An adapted LSTM-DRRNet approach for predicting floor acceleration response spectrum

The floor response spectrum is an essential element in designing non-structural components (NSC) under earthquakes. However, most available approaches for floor response spectrum estimation involve complex modeling work, require intensive computational resources, and lack generalizability. To address these limitations, this paper proposes a novel deep-learning-based methodology to provide a generalized estimate of nonlinear floor response spectra, which is composed of a bidirectional convolutional long short-term memory network with an attention mechanism (ACN-BiLSTM) and a deep residual regression network (DRRNet). ACN-BiLSTM uses one-dimensional convolution to extract high-dimensional abstract features of ground motion spectrum in each period. The attention mechanism and multi-scale sliding time window are used to improve the network’s convergence speed and prediction accuracy.

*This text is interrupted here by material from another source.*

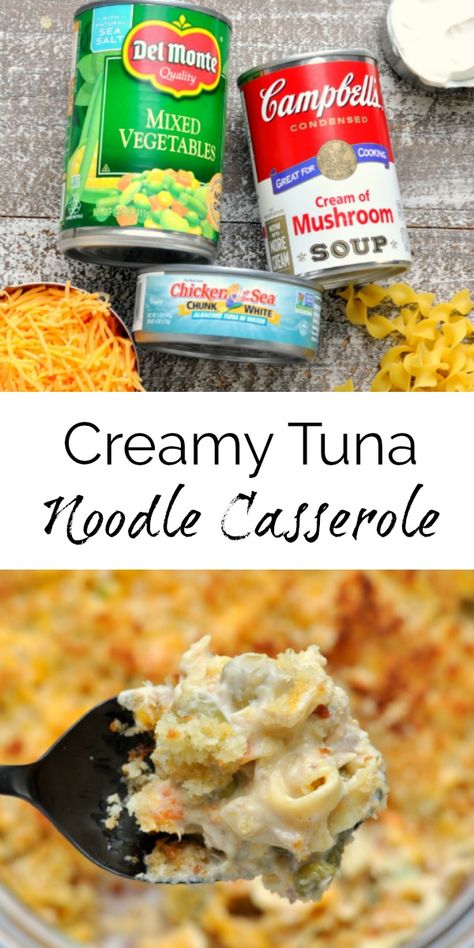 Creamy Tuna Noodle Casserole, Tuna Noodle Casserole Easy, Cream Of Mushroom Pasta, Mixed Vegetable Casserole, Easy Mushroom Soup, Suburban Kitchen, Creamy Tuna Pasta, Tuna Noodle Casserole Recipe, Tuna Casserole Easy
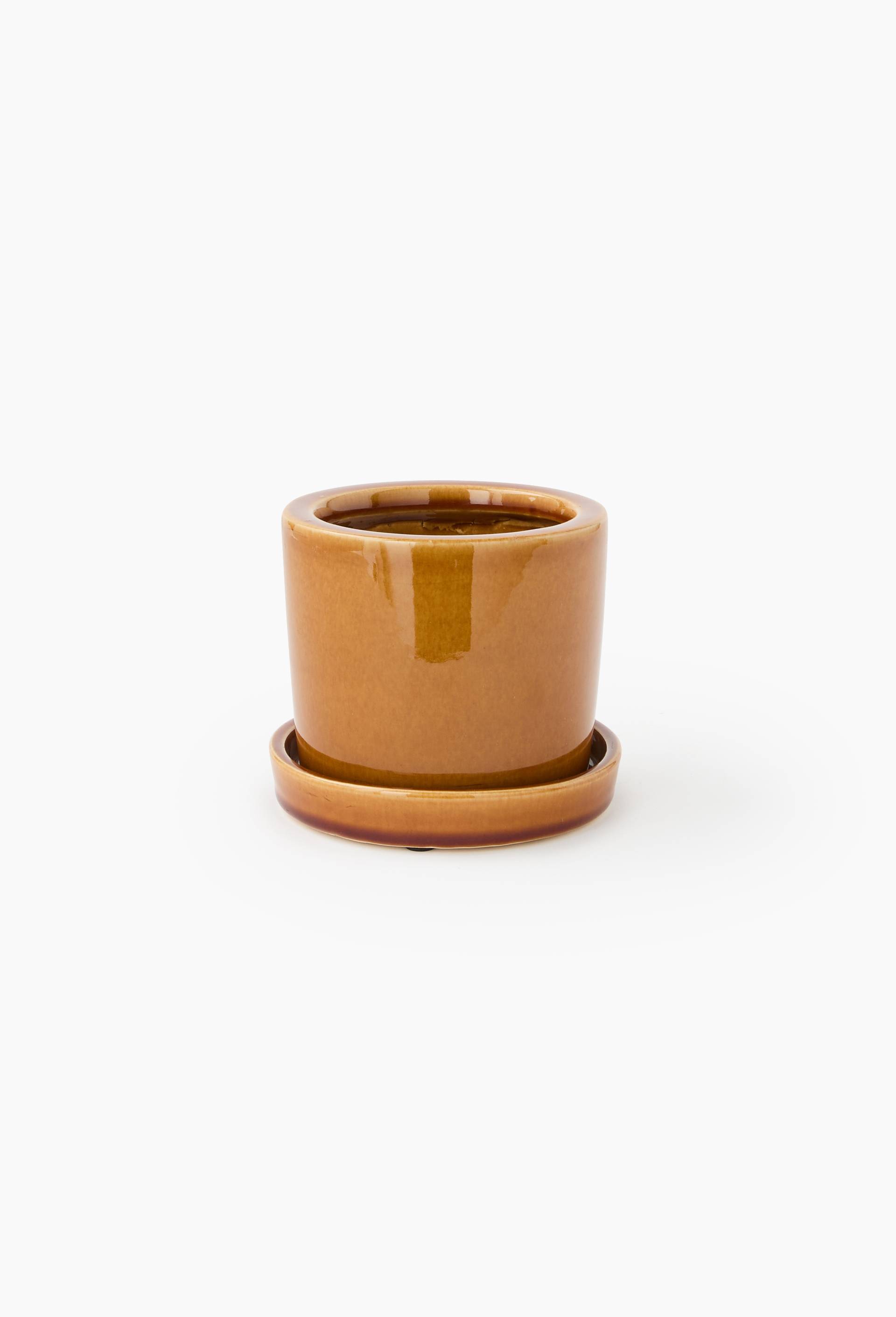 Cache-pot et soucoupe, 14x12cm, en c&eacute;ramique, Brun, large image number 0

DRRNet uses deep one-dimensional convolution to build a residual shortcut connection, which delivers the proportional relationship between floor response spectrum at different heights. With the input of the ground motion acceleration spectrum and structural characteristics, the proposed method can estimate the nonlinear floor acceleration response spectrum on any floor of a building. To demonstrate its efficacy, the proposed approach is applied to a dataset that includes floor response spectra of 56 buildings subjected to 195 ground motions. The application results indicate that the proposed approach can effectively and reliably predict the nonlinear acceleration response spectrum with an accuracy of 97.29%. Such an efficient method is promising in advancing the seismic design of non-structural components.